↓

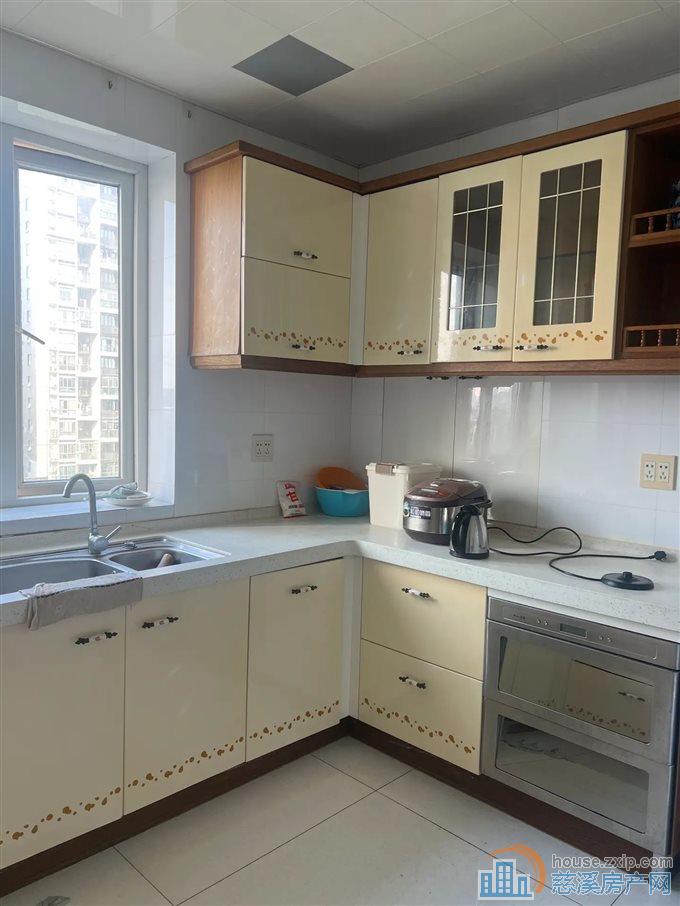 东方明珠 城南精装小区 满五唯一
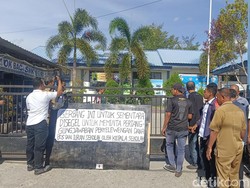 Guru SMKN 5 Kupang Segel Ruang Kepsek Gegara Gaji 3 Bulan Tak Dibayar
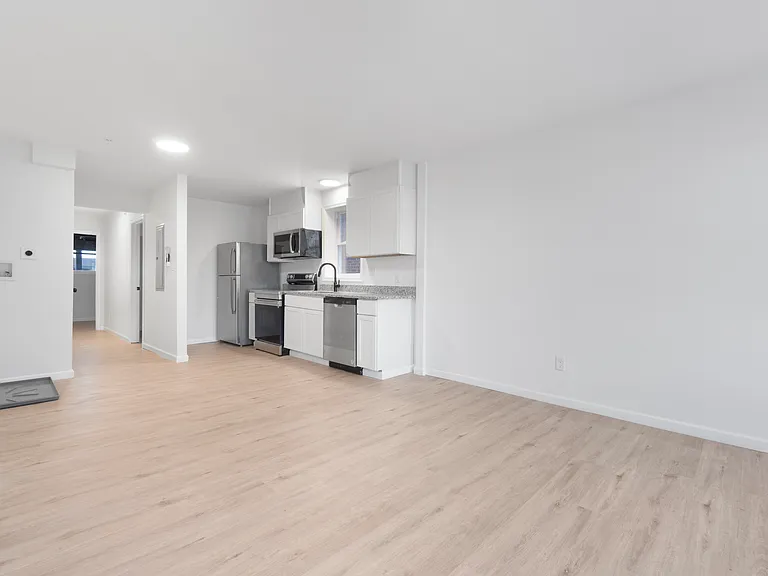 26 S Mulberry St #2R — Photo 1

↑

● **Work task**
Except for the pictures, return every line of the material exactly.

● **Task solution**
 东方明珠 城南精装小区 满五唯一
 Guru SMKN 5 Kupang Segel Ruang Kepsek Gegara Gaji 3 Bulan Tak Dibayar
 26 S Mulberry St #2R — Photo 1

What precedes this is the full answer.